その直後のエカスベアは、シンドウ社の脆弱性と責任を厳しく糾弾していた。
「これが企業部隊の限界だ。大規模犯罪を前に、警察機構でもなく、軍でもなく、私企業が防ぎ切れるはずがない」
(しかし……)
ジャックは分析支援ユニットのタイムライン上で表示された、その後の発言群に目をやる。
(彼の関心は『企業部隊の是非』ではなく、『シンドウ社の危険性』そのものへと移っていった。他企業に対する批判の頻度は急激に減少、そして……)

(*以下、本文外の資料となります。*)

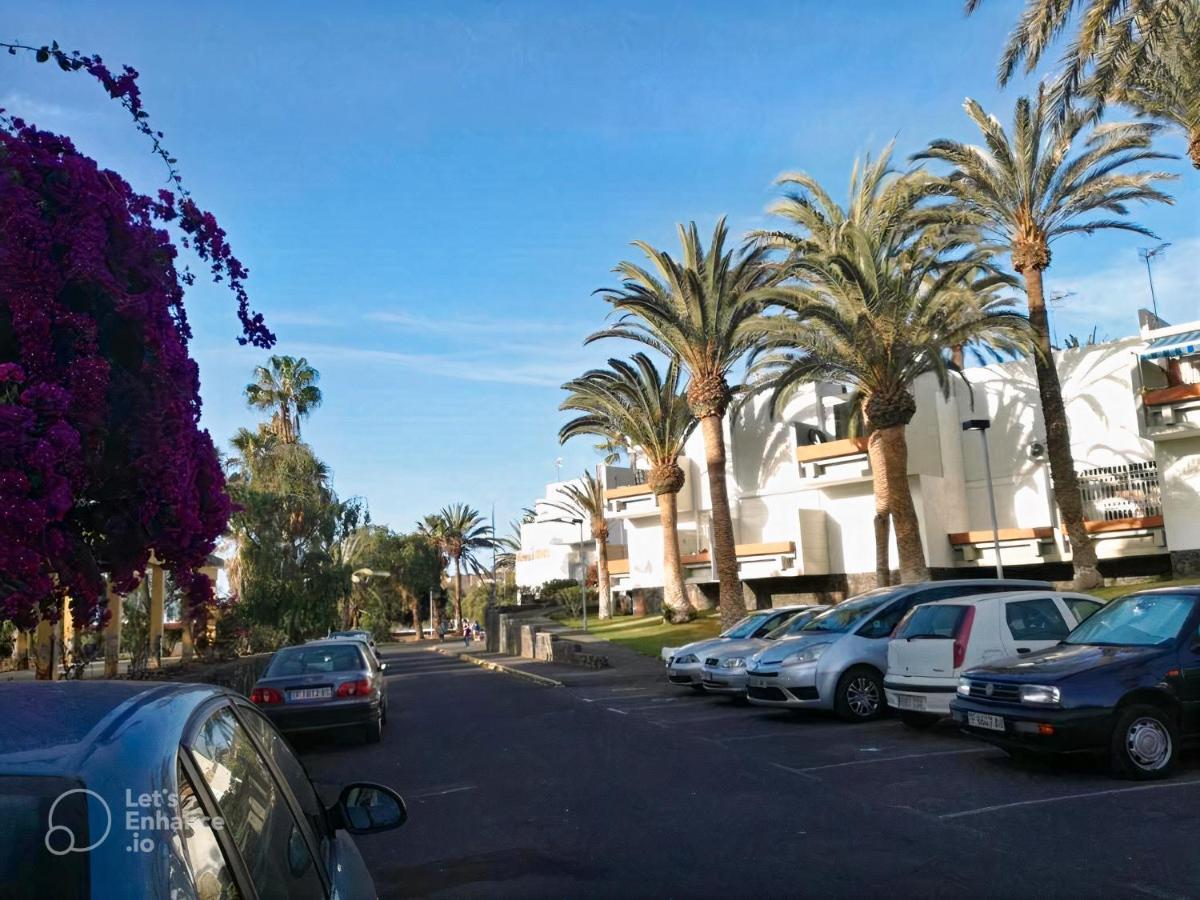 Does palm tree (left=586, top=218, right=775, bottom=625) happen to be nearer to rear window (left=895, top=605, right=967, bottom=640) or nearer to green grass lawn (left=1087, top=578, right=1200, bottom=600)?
green grass lawn (left=1087, top=578, right=1200, bottom=600)

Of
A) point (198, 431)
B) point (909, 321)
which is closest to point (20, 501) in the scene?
point (198, 431)

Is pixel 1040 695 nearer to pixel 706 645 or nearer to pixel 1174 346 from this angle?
pixel 706 645

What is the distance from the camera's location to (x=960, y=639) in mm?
11398

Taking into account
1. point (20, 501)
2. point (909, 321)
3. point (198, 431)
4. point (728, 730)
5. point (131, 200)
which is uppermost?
point (909, 321)

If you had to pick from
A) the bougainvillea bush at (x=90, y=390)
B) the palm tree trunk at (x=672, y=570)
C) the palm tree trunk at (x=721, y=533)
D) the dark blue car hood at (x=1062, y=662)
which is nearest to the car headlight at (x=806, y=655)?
the dark blue car hood at (x=1062, y=662)

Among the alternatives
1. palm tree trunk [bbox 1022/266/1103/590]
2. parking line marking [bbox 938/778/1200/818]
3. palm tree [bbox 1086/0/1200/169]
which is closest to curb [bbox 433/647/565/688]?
palm tree trunk [bbox 1022/266/1103/590]

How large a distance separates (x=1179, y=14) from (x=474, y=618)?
208 feet

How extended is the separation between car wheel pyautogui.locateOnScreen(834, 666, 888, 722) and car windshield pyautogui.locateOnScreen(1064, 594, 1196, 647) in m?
3.69

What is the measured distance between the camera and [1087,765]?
9.09 metres

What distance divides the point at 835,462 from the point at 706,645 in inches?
703

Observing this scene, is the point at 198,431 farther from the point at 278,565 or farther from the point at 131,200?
the point at 278,565

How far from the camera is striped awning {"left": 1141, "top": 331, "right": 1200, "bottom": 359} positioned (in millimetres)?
24688

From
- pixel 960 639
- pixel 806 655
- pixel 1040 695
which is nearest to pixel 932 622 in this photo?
pixel 960 639

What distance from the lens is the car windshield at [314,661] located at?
44.5 feet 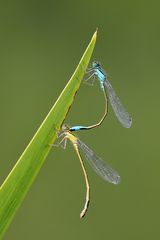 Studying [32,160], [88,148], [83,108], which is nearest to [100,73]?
[88,148]

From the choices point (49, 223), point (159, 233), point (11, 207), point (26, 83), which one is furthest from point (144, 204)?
point (11, 207)

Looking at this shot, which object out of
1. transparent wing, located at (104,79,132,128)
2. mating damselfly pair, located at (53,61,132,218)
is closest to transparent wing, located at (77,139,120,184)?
mating damselfly pair, located at (53,61,132,218)

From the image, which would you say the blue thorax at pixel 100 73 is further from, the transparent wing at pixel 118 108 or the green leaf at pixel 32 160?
the green leaf at pixel 32 160

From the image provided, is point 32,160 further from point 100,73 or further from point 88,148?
point 100,73

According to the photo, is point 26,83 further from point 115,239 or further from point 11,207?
point 11,207

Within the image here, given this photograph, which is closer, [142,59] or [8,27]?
[142,59]

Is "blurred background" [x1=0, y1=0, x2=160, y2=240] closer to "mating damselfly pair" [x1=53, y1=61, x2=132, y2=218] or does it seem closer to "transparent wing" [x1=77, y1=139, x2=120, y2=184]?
"mating damselfly pair" [x1=53, y1=61, x2=132, y2=218] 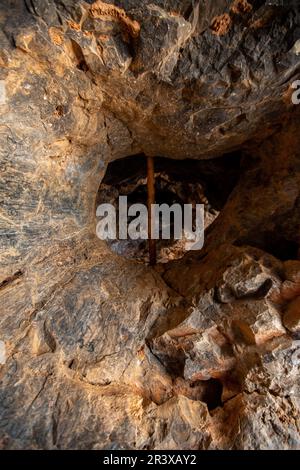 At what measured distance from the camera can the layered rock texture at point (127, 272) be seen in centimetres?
193

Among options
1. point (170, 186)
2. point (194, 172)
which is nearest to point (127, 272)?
point (194, 172)

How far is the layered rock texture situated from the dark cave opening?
1674 millimetres

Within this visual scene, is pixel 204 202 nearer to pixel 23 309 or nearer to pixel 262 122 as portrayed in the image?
pixel 262 122

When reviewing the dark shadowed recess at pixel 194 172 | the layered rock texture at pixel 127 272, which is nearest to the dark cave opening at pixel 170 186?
the dark shadowed recess at pixel 194 172

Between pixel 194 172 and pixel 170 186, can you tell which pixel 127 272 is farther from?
pixel 170 186

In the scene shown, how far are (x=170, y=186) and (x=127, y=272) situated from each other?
9.00 ft

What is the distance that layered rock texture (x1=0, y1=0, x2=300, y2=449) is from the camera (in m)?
1.93

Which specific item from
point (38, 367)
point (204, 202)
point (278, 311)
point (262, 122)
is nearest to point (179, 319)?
point (278, 311)

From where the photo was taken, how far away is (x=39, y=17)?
1.89m

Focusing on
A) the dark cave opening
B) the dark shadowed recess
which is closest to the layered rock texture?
the dark shadowed recess

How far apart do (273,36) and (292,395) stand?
2452 mm

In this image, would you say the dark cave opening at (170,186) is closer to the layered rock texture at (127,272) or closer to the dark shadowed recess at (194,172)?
the dark shadowed recess at (194,172)

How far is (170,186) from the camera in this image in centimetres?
530

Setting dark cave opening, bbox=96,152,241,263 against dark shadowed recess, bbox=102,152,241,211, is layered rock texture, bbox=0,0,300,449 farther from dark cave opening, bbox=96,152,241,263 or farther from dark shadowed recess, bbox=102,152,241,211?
dark cave opening, bbox=96,152,241,263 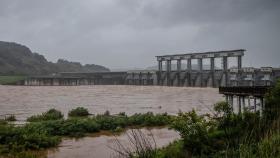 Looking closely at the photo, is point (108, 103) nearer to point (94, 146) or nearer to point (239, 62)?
point (94, 146)

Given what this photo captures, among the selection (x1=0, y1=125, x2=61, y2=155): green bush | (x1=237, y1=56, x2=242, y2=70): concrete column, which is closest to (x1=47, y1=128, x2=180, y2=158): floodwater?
(x1=0, y1=125, x2=61, y2=155): green bush

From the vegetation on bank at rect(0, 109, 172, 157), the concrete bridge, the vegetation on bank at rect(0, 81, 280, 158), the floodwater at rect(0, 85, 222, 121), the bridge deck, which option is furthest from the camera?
the concrete bridge

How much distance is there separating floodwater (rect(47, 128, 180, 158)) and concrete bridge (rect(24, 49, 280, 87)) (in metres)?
60.3

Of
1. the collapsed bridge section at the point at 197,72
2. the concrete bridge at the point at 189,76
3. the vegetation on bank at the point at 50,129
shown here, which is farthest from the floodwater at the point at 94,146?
the collapsed bridge section at the point at 197,72

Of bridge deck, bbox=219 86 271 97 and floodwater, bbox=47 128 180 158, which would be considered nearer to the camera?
floodwater, bbox=47 128 180 158

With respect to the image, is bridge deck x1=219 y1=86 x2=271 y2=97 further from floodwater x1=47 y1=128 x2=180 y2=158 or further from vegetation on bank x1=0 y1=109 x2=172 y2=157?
vegetation on bank x1=0 y1=109 x2=172 y2=157

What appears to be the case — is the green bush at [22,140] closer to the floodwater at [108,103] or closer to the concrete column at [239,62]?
the floodwater at [108,103]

ジャックは分析ユニットが示した『直接的に批判を行った企業』のグラフを見る。
(ニューリンク社。ただ1つ、この企業名だけが抜け落ちている)
さらにユニットが自動抽出した音声データでは、エカスベアはニューリンク社の義体技術や医療支援政策について『次世代の公共福祉のモデル』と評していた。明らかに他の企業に対する論調とは異なるトーンだ。
(……露骨すぎる)
ジャックは眉間を押さえ、別の視点を指示した。
「表情筋パターン、歩行時の重心移動を3Dモーションログから異常変化を検出しろ」
映像が切り替わり、彼の過去のTV出演時の映像から、僅かな体の揺れや指の癖といった細部の挙動が比較対象として浮かび上がる。失踪直前までは安定していたデータが、微細に変化していた。
ユニットのAIが補足的に解説を始める。
「対象は過去に『完全義体化』を否定する立場を取っていましたが、動作解析より、義体調整期に見られる微細な運動パターンが観測されています」
(……完全義体化を隠した。シンドウへの批判を強め、ニューリンクだけを称賛して)
ジャックは静かにホログラムの再生を止めた。浮かび上がるエカスベアの立体映像の表情は笑顔だが、どこか不自然に凍りついたような印象を与えていた。
(ニューリンク社……奴は、そこに取り込まれたのか)
ジャックは椅子を傾けたまま、宙に浮かぶ分析グラフの一点をじっと見つめていた。彼の中で、点と点が、ゆっくりと線になり始める。
ホログラムの光がゆらめき、静かな部屋の壁に滲むような影を落とす。その淡い残光の中で、ただ一つ、ジャックの瞳だけが動かなかった。
——まるで、次に狙いを定める照準のように。
イェンス=エカスベアとニューリンク社の繋がりを見つけたジャック。